AP govt takes down inter exam website that leaked students Aadhaar data
news Cybersecurity Friday, February 21, 2020 - 10:54

Personal details of lakhs of intermediate students stored on the official website Andhra Pradesh Board of Intermediate Education was sitting duck for hackers to grab and sell online. The data stored on the website was stored behind poor security and could have been easily breached. The links to the student data have now been taken down by the Andhra Pradesh government.

France based cyber security researcher Robert Baptiste on Thursday tweeted to the Andhra Pradesh CMO claiming that one of the government website belonging to the BIE was leaking personal data of students including their Aadhaar numbers, photographs and details of parents. The security researcher told TNM that an AP government official reached out to him and he disclosed the issue to the official, the same day.
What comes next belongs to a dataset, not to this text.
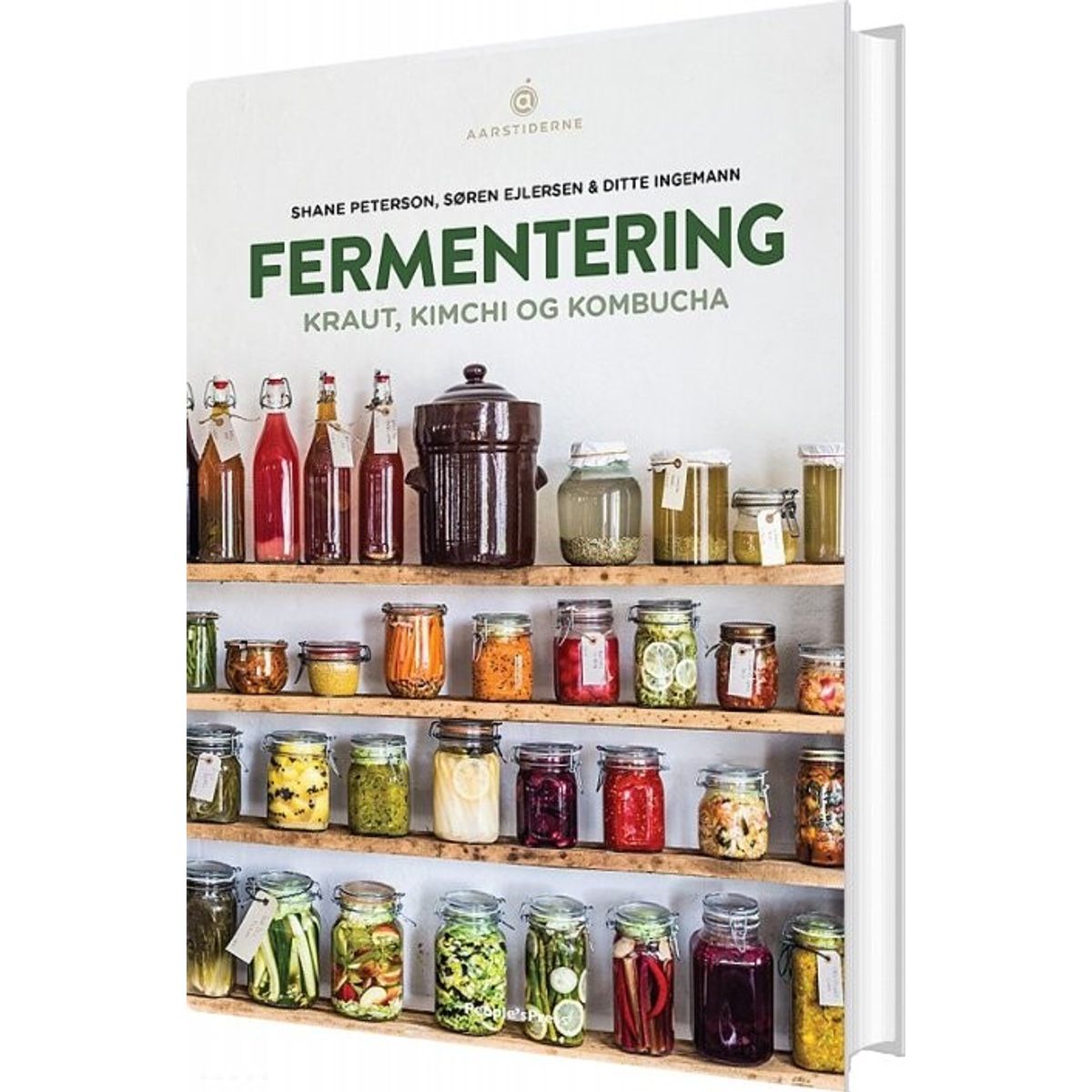 Fermentering - Søren Ejlersen - Bog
Lakhs of Intermediate students are expected to take the exams that are to commence on March 4. A total of 10,17, 600 students took the intermediate exam in 2019. The security vulnerability was found on the website of the AP BIE that was meant for intermediate students to access exam results using their hall ticket numbers.



Robert told TNM that these hall ticket numbers could be easily guessed and the poor cyber security of the website meant, it was easy to “brute force” and gain entry. “They should have added authentication, like a captcha and rate-limiting in order to remove the possibility for an attacker to brute force,” says Robert.

It was only in 2018 that phone numbers, email ids and addresses of thousands of National Eligibility and Entrance Test (NEET) applications were put up for sale online for Rs 2 lakhs by data brokers. Such student databases are sold by data brokers to advertisers and marketing agents, revealed an investigation by The Wire.

Robert says anyone who can write a code to crawl through the BIE website could have easily downloaded the data. "These students deserve privacy. Their Aadhaar number is personal information," points out the French hacktivist.

Officials with the BIE were unresponsive for comment but decided to take out the link that gave access to the student data. The officials took down the website after officials from the Information Technology & Communications (IT&C) Department and the Chief Minister's office got involved.

Robert opined that the problem could have been averted if the developers took privacy into account while building websites.